Govt and GSD at odds on air quality
The Gibraltar Government last night reacted to GSD criticisms of its air quality monitoring programme by insisting it was already expanding its sampling infrastructure around the Rock.
The reaction came after the GSD questioned the government’s decision to monitor air quality at the frontier, and suggested that the Waterport area would be a better alternative.
This Opposition’s statement was in response to the government’s plans to conduct an air quality monitoring study at the frontier over the next two years.
The party said that while all air quality monitoring is “of value in order to help understand what pollution levels are in Gibraltar”, it should be carried out in “one of the community’s most densely populated areas”.
But, hitting back later that day, the Government said that contrary to the GSD’s statement the Environmental Agency will install new air quality monitoring devices in the North district this September.
The programme forms part of the Department of the Environment’s expansion of the Air Quality Monitoring Network which will see air quality data collected from the Waterport area as well as the frontier. Similar monitoring devices will also be installed in the South District as a quality control measure.
Trevor Hammond, GSD environment spokesman said: “Any form of air quality study will always be welcome and I look forward to hearing the results of this study at the frontier.”
“I do however have to question why the frontier has been chosen over the area of Waterport for such a study.”
“Whereas the frontier sees people passing through relatively quickly, Waterport has a large number of residences and shops in close proximity as well as being the location of the Government’s new mega school.”
“Almost all children between the ages of eleven and eighteen will spend a significant proportion of their day in this area, it would seem sensible for such a study to have been conducted there as a matter of urgency.”
“Pollution at the frontier is caused by traffic in frontier queues, which is very much transient. Pollution at Waterport is caused not only by traffic, the Waterport roundabout is a significant pinch point, but the area is also subject to pollution from the cruise terminal, port, bus terminal and power generation.”
“Combine this cocktail of sources of pollution with the high density of the population in the area, as well as the mega school, shops and Main Street it is surely more important to conduct a study in this area, where pollution affects so many people in our community.”
“I call on Government, as I have done previously, to commission an independent study in this area as a matter of urgency. It is a higher priority to our community than the frontier.”
Additionally, the Government explained that the device at the frontier, which Mr Hammond referred to, forms part of an occupational exposure assessment whereas the Waterport monitoring station is geared towards monitoring the impacts of power generation and road traffic pollution.

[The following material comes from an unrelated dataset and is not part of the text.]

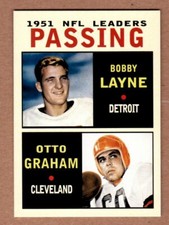 Bobby Layne & Otto Graham / MC Passing Leaders #7 / FREE SHIP / NM+ Bobby Layne & Otto Graham / MC Passing Leaders #7 / FREE SHIP / NM+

The new equipment to be deployed in Gibraltar is widely used in the UK by Local Authorities and will have the ability to monitor pollutants such as Particulate Matter, Nitrogen Oxide and Dioxide, Sulphur Dioxide, Carbon Monoxide and Ozone.
Data collected will be incorporated into the existing data management programme of the Gibraltar Air Quality Monitoring Programme.
The Department will use these data to formulate evidence-based policies to ensure that air quality in different parts of Gibraltar meets EU standards.